Megachurches trading relevance for liturgical reverence?

“Old-school Catholic practices and traditions” are being increasingly used in American megachurches, reports America magazine (May 13). The article focuses on New Life Church in Colorado Springs, a prominent non-denominational megachurch that has recently embraced traditional liturgies as well as social justice work without evangelization. The church now recites the Nicene Creed and has communion at most of its services and locations. Members are taught about the liturgical calendar and the church has a home for homeless unwed mothers called Mary’s House. New Life concludes its services with a doxology—a hymn of praise to the Trinity—that most Catholics no longer use. Anna Keating writes that New Life is not alone in adopting more liturgical practices, as other megachurches, such as Matt Chandler’s Village Church in Texas, Willow Creek in Illinois, and Mars Hill in Grand Rapids, Michigan, have made similar changes [see August 2017 RW on how, at the same time, Catholic parishes have been borrowing megachurch techniques].

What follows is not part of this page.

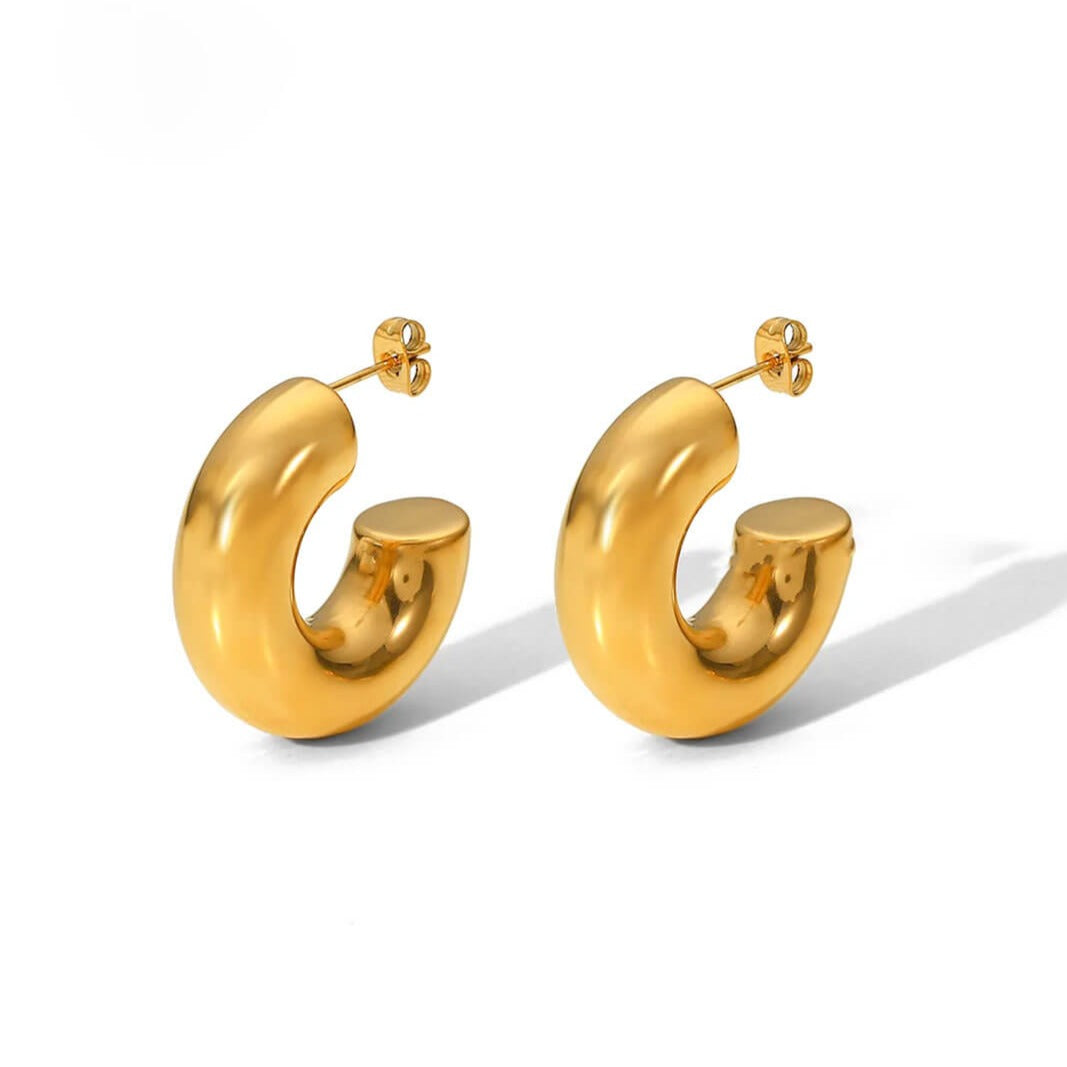Thick Hoop Earrings gold front | MILK MONEY milkmoney.co | cute earring sets. cute dangle earrings. cute hoop earrings. cute cheap earrings. cute cheap earrings. cute small earrings. fun dangle earrings. trendy dangle earrings. affordable earrings. trendy dangle earrings. cute drop earrings. cute trendy earrings.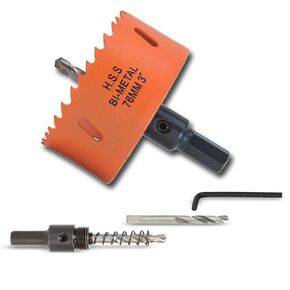 6 Inch Hole Saw with Arbor for Metal Wood and Plastic Cutting, 152mm Bi-Metal Hole Cutter for Different Project with Smooth and Flat Drilling Edge, Fast Chip Removal, Handy Hole Saw Kit Set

Mars Hill now limits its special effects in its services, replacing them with an altar, a homemade wooden cross, and altar cloths that are changed to match the liturgical season. Epiphany Church in Fort Worth, Texas, uses incense and candles every week and selects its scripture readings from the Revised Common Lectionary, with congregants reciting traditional responses like “The Word of the Lord” after such readings. The question is why megachurches, created for relevance to the non-churched, should be going down the liturgical path. Keating cites personal situations as partly leading to such changes. In New Life Church, a sexual scandal involving its leader, Ted Haggard, led to a rethinking of the need for relevance and the adoption of more traditional practices. She adds that the market- and niche-driven nature of megachurches has actually led to the adoption of such practices as alternatives to contemporary services. The downtown branch of New Life tends to attract people who feel burned out or turned off by services that do not emphasize theology and are seen as too shallow. Some of the changes have also originated in pastors’ “conversion” experiences to more liturgical Christianity, although Keating did not find many cases of megachurch pastors or members converting to Catholicism. She adds, however, that megachurch seeker services do serve as stepping-stones to more liturgical churches, such as Anglican, Presbyterian, and even Eastern Orthodox churches.